PROBLEM DESCRIPTION →
Everything from the first line of the entries below through the line holding "FLIR E8 Heated Pipe" must be printed exactly as written.
***
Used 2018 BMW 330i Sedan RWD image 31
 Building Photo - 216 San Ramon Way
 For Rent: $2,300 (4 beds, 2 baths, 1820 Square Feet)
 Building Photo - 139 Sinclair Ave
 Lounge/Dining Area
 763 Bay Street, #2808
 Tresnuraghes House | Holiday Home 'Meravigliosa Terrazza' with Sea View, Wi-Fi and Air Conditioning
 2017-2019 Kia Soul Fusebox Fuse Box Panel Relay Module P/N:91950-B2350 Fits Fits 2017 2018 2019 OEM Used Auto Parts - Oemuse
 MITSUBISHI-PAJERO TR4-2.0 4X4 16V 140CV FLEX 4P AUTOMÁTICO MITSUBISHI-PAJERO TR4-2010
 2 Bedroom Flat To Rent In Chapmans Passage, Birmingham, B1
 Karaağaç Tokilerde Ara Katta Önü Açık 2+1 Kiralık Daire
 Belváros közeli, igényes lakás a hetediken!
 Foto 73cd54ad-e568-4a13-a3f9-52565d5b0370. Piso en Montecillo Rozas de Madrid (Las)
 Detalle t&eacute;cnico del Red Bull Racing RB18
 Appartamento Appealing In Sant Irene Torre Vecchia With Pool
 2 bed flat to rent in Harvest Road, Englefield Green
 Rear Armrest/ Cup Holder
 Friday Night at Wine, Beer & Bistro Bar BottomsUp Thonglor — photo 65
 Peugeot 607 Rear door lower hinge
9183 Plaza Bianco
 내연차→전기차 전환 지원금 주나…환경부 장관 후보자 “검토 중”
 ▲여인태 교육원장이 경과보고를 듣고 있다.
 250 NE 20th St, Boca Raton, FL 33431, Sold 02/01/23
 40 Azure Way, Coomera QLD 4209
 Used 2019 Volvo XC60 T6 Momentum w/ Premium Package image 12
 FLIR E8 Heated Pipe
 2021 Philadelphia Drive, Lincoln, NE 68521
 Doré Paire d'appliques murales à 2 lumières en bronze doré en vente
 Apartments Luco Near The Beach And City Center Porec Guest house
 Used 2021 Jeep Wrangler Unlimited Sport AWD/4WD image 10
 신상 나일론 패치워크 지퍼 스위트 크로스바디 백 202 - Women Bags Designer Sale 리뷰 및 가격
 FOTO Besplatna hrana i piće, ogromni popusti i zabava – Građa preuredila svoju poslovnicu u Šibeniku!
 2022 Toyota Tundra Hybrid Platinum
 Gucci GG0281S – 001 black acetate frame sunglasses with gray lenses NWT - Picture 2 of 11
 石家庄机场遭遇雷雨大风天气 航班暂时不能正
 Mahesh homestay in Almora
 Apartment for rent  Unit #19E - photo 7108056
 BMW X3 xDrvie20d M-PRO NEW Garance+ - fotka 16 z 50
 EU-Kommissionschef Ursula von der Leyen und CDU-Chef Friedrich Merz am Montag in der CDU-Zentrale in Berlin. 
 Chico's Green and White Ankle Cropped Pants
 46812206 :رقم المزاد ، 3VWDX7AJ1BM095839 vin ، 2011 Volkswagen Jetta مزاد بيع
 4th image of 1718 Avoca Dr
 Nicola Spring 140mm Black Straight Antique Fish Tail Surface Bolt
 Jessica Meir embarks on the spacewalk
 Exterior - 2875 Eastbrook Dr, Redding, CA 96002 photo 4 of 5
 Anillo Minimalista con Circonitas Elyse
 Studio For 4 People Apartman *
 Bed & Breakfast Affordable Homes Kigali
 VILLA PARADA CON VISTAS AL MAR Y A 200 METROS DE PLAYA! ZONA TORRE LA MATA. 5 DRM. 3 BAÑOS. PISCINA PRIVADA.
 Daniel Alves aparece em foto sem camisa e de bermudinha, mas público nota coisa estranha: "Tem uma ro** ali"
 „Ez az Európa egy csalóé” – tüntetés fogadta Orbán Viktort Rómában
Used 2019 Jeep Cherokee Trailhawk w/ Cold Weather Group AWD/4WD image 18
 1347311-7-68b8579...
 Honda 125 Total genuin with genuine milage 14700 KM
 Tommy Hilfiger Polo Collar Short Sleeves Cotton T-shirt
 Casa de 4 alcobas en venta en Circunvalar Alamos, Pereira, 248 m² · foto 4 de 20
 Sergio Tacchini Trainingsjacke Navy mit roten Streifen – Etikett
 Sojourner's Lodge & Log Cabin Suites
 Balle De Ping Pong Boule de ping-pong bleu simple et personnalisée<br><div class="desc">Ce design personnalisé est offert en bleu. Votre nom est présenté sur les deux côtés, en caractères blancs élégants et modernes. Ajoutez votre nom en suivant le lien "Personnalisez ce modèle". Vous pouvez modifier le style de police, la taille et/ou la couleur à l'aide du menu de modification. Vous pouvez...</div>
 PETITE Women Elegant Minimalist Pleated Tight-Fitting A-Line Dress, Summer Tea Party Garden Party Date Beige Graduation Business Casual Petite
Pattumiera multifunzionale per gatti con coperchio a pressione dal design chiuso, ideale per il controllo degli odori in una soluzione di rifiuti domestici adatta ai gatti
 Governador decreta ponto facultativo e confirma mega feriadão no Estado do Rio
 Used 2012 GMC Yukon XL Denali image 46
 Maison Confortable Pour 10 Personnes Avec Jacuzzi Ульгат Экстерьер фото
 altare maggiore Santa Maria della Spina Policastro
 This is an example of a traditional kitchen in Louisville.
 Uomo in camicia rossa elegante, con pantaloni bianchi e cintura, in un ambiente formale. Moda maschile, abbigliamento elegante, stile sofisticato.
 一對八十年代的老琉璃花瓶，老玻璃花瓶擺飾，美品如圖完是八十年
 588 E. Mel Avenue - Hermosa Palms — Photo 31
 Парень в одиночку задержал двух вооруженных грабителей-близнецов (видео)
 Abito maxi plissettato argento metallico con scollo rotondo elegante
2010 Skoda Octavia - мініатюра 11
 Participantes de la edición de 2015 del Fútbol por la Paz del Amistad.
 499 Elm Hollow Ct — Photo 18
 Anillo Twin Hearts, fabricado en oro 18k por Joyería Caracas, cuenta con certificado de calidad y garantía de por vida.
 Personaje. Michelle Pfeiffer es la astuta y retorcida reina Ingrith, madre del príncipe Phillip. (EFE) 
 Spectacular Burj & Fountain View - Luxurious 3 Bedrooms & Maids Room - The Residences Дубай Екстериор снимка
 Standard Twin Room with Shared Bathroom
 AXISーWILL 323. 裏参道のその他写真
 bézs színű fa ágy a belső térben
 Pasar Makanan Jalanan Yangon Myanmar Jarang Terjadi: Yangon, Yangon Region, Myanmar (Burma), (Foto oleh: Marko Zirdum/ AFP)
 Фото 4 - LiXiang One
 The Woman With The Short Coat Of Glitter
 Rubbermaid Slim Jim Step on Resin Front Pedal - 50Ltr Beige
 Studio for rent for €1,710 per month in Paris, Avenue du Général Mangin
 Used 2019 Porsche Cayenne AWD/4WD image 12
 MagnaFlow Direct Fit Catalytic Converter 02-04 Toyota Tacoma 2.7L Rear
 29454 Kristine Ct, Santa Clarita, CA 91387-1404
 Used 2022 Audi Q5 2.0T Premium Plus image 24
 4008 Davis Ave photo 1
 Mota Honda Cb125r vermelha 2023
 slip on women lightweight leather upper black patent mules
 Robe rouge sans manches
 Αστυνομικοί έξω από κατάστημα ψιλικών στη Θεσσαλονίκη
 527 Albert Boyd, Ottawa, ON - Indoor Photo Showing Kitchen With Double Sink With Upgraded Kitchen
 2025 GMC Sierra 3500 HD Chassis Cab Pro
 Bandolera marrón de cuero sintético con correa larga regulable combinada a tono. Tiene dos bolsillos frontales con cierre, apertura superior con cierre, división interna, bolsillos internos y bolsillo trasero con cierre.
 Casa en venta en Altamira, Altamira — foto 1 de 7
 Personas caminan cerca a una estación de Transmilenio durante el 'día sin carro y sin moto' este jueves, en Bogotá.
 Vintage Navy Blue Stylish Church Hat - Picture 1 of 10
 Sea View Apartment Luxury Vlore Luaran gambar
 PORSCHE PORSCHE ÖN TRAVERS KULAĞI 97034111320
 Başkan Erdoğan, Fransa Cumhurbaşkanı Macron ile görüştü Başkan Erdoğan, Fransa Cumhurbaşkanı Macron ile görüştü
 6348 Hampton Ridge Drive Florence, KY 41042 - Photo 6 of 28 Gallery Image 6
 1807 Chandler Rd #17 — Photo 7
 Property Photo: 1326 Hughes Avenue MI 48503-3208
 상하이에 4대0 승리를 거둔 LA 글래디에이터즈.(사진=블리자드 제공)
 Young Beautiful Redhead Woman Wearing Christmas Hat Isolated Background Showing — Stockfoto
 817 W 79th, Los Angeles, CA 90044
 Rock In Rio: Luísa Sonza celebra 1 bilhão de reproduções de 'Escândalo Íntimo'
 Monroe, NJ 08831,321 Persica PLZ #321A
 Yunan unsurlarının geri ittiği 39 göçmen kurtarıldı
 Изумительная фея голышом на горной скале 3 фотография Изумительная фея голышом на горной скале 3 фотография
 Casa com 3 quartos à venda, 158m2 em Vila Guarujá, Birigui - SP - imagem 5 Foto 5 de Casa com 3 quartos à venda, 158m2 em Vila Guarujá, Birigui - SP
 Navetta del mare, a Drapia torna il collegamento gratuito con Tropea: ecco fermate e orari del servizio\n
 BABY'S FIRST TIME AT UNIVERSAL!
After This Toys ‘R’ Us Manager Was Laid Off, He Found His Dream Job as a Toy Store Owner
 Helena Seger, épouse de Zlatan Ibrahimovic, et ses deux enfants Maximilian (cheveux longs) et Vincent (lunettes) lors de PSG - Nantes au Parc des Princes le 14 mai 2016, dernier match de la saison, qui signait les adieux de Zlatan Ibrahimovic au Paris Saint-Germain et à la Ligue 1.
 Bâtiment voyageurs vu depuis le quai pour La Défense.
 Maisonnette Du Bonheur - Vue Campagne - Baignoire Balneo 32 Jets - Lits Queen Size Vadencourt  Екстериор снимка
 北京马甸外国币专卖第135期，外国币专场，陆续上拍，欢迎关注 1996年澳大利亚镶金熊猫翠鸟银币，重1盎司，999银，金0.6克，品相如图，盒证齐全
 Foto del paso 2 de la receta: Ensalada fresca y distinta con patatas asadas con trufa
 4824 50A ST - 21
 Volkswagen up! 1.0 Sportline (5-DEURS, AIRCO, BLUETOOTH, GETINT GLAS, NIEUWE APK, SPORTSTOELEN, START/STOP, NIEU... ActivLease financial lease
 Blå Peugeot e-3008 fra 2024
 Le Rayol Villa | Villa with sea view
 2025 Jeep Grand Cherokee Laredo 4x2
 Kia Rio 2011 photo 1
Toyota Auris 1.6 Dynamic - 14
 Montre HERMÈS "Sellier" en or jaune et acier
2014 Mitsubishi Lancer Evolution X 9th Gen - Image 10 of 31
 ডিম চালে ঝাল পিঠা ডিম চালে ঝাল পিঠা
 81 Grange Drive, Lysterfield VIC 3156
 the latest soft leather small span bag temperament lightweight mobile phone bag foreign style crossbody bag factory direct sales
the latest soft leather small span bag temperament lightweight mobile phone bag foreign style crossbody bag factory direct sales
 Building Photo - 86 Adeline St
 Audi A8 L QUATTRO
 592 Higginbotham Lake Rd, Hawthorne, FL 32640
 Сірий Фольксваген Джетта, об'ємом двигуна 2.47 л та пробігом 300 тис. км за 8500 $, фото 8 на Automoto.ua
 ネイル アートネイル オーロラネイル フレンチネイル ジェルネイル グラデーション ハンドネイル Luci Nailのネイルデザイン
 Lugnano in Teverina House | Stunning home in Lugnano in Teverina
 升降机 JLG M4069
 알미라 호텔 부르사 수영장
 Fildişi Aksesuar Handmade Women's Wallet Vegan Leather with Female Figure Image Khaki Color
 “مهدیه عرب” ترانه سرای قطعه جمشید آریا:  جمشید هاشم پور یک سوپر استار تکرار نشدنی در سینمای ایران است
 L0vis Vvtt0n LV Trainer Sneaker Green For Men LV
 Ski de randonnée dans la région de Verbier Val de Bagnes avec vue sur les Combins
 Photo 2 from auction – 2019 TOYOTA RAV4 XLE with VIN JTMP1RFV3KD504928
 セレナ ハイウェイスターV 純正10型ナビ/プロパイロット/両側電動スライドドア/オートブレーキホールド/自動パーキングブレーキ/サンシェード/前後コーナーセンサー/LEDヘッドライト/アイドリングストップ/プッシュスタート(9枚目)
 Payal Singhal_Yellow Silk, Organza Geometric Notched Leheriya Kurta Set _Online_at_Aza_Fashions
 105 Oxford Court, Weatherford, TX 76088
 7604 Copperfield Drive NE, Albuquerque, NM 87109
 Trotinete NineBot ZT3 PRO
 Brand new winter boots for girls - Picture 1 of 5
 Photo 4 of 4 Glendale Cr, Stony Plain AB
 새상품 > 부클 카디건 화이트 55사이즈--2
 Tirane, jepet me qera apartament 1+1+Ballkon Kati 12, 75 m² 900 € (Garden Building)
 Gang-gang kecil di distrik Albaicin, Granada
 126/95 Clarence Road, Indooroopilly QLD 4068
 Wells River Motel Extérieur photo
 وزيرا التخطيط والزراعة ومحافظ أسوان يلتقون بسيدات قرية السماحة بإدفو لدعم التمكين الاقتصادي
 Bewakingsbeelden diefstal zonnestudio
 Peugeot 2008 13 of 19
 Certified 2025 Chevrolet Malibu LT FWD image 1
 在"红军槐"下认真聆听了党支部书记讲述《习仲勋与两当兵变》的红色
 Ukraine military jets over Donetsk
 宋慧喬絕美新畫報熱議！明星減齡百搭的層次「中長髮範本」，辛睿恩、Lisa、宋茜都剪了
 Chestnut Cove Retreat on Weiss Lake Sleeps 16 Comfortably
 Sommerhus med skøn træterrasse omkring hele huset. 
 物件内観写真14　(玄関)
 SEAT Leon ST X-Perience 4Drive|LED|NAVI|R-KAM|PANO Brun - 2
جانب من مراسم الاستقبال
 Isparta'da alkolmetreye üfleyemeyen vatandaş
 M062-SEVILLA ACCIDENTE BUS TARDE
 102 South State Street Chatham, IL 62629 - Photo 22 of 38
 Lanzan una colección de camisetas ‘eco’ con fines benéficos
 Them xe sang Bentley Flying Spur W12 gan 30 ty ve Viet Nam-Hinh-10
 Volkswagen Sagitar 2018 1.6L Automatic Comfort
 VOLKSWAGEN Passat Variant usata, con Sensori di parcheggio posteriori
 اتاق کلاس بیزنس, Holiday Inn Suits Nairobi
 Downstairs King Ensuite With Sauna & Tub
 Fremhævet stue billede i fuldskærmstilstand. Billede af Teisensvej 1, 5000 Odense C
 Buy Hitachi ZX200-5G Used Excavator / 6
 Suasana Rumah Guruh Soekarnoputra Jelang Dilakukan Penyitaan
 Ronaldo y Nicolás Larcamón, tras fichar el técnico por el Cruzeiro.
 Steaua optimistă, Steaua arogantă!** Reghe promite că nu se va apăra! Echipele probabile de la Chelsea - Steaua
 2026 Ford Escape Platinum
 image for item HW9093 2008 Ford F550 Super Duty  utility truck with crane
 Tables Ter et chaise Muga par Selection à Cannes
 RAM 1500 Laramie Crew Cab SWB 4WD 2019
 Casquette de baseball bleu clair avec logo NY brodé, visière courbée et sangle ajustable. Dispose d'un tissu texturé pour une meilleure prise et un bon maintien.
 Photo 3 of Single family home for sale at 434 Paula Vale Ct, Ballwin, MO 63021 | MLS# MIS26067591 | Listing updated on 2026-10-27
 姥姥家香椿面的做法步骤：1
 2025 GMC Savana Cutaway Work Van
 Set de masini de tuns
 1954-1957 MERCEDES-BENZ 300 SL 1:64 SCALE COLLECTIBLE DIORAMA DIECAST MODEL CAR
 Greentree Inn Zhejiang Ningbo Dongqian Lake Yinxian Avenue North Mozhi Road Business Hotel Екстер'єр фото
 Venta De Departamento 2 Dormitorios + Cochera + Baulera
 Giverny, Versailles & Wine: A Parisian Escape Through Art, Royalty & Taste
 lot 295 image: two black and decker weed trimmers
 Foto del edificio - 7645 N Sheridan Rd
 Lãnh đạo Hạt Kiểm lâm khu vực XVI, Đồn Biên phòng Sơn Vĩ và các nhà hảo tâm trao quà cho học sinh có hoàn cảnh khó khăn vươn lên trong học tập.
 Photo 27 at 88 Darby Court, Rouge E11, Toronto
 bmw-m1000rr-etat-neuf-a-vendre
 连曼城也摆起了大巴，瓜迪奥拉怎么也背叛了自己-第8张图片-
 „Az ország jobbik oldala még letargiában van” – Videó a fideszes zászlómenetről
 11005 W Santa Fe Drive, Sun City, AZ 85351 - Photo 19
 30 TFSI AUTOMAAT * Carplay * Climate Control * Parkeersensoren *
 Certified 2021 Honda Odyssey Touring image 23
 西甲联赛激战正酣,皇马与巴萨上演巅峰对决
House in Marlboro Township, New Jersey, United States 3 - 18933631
***
SOLUTION TO THIS EXERCISE →
Used 2018 BMW 330i Sedan RWD image 31
 Building Photo - 216 San Ramon Way
 For Rent: $2,300 (4 beds, 2 baths, 1820 Square Feet)
 Building Photo - 139 Sinclair Ave
 Lounge/Dining Area
 763 Bay Street, #2808
 Tresnuraghes House | Holiday Home 'Meravigliosa Terrazza' with Sea View, Wi-Fi and Air Conditioning
 2017-2019 Kia Soul Fusebox Fuse Box Panel Relay Module P/N:91950-B2350 Fits Fits 2017 2018 2019 OEM Used Auto Parts - Oemuse
 MITSUBISHI-PAJERO TR4-2.0 4X4 16V 140CV FLEX 4P AUTOMÁTICO MITSUBISHI-PAJERO TR4-2010
 2 Bedroom Flat To Rent In Chapmans Passage, Birmingham, B1
 Karaağaç Tokilerde Ara Katta Önü Açık 2+1 Kiralık Daire
 Belváros közeli, igényes lakás a hetediken!
 Foto 73cd54ad-e568-4a13-a3f9-52565d5b0370. Piso en Montecillo Rozas de Madrid (Las)
 Detalle t&eacute;cnico del Red Bull Racing RB18
 Appartamento Appealing In Sant Irene Torre Vecchia With Pool
 2 bed flat to rent in Harvest Road, Englefield Green
 Rear Armrest/ Cup Holder
 Friday Night at Wine, Beer & Bistro Bar BottomsUp Thonglor — photo 65
 Peugeot 607 Rear door lower hinge
9183 Plaza Bianco
 내연차→전기차 전환 지원금 주나…환경부 장관 후보자 “검토 중”
 ▲여인태 교육원장이 경과보고를 듣고 있다.
 250 NE 20th St, Boca Raton, FL 33431, Sold 02/01/23
 40 Azure Way, Coomera QLD 4209
 Used 2019 Volvo XC60 T6 Momentum w/ Premium Package image 12
 FLIR E8 Heated Pipe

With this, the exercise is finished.